Mathematical Model Investigates the Role of Vasopressin in Fluid Resuscitation Requirements

By Austin Baird, Matthew McDaniel, and Jonathan Keller

Sepsis is a debilitating condition with a high mortality rate that greatly strains hospital resources. Here, we present a mathematical model of sepsis and the associated acute inflammatory patient response (AIR)—implemented in the BioGears physiology engine—to explore the underlying biological mechanisms and patient phenotypes that contribute to variability in septic patient outcomes. In addition, one could potentially use this model to design in silico clinical trials that determine optimal patient treatments.

Sepsis represents an array of dysregulated physiologic reactions from the body in response to suspected or confirmed infection. The physiologic changes are often overwhelming, can result in severe tissue damage, and are potentially life threatening. Large cohort studies indicate that sepsis is a leading contributor to hospital mortality [3], and patients who acquire sepsis in the hospital have a mortality rate of 25 percent [7]. Outcomes for septic patients will not improve until doctors attain a better understanding of the disease and its treatment. To that end, mathematical modeling can provide significant insight and momentum towards this goal. While models cannot replace clinical trials, they can drive hypothesis development, narrow the focus of research, and complement medical education. 
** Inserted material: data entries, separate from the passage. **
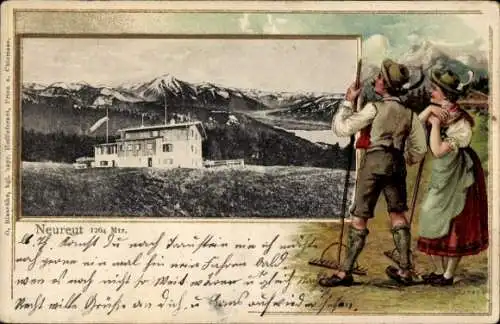 Präge Passepartout Ak Tegernsee in Oberbayern, Berg Neureuth, Neureut Haus, Paar in Tracht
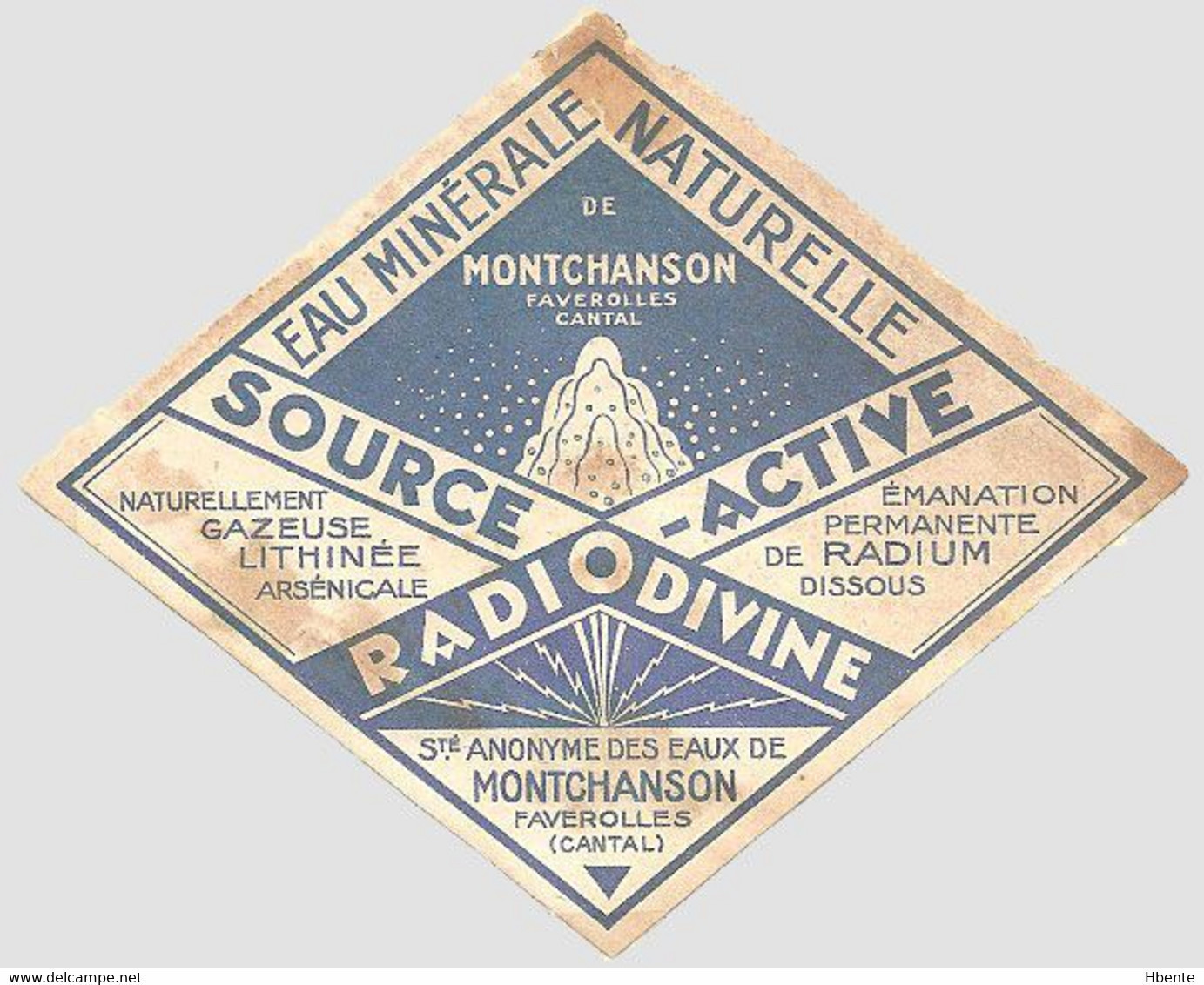 Eau Minérale Radio-active Source Odivine Montchanson Faverolles Cantal Radium (Photo) - Objects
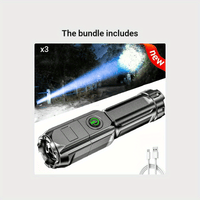 ANYICE 1pc 400Mah/800Mah Super Bright Zoomable Flashlight, Portable, Rechargeable Long Shot IPX4 ABS Strong Light Led Flashlight, Telescopic Zoom Torch for Outdoor Home Lighting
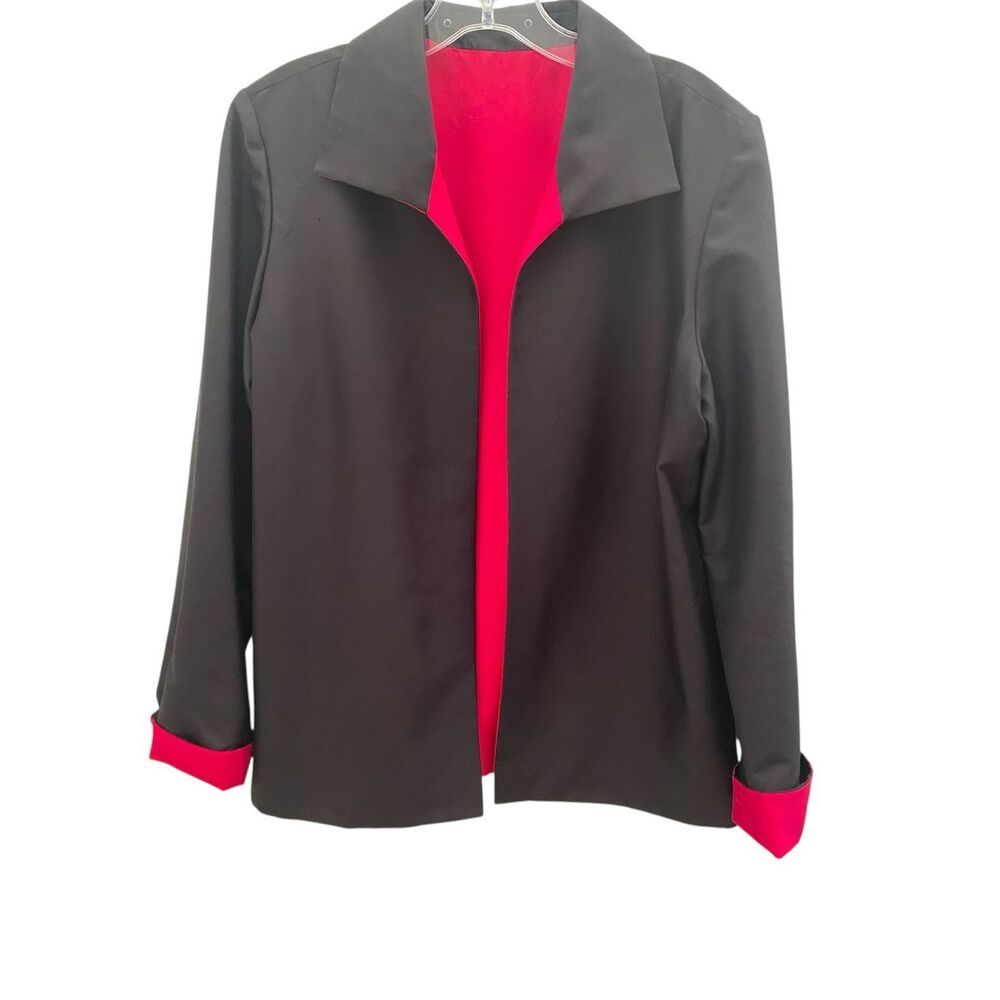 Reversible Black & Hot Pink Open Front Silk Lightweight Jacket/ Blazer Sz M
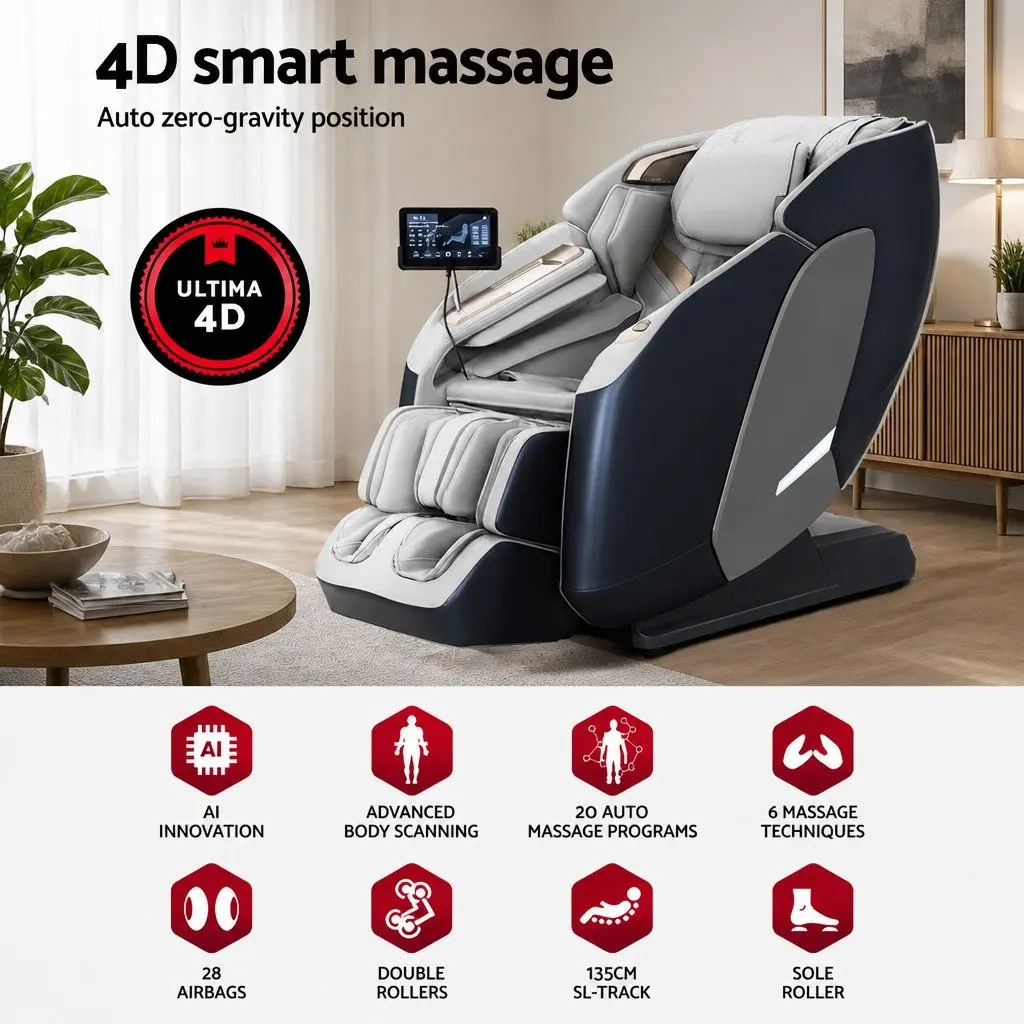 4D Massage Chair Recliner with Zero Gravity and Heated Airbag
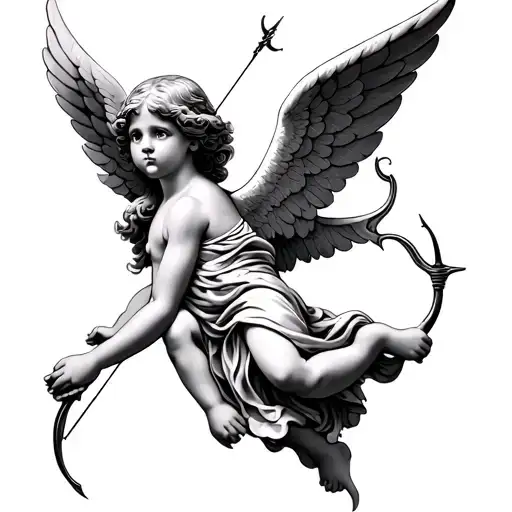Cherub Angel Holding A Bow And Arrow For Shoulder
Figure 1. Overview of the whole-body model of sepsis. The green circles indicate the acute inflammatory response model. Arrows depict the way in which this model impacts other downstream models in the BioGears physiology engine. Solid lines designate up-regulation (or positive effects) and dashed lines designate inhibition (or negative effects). Figure courtesy of [6].

Model Design

We designed our AIR model in the BioGears physiology engine by extending a previous diverse shock model [2] (see Figure 1). Though it is optimized with murine data, this model considers a wide range of pro- and anti-inflammatory mediators—such as tumor necrosis factor alpha and interleukins 6 and 10 (IL-6, IL-10)—that are implicated in human models of inflammation [8]. Consideration of these factors, in conjunction with the activation of macrophages and neutrophils, increases the variability in virtual patient outcomes that the model supports. Furthermore, the diverse shock model explores the role of nitric oxide in blood pressure homeostasis — a pathway of great interest in septic shock research. We have already used this framework to implement a model of burn-induced systemic inflammation in BioGears [1, 5]. A full description of the model is available in [6].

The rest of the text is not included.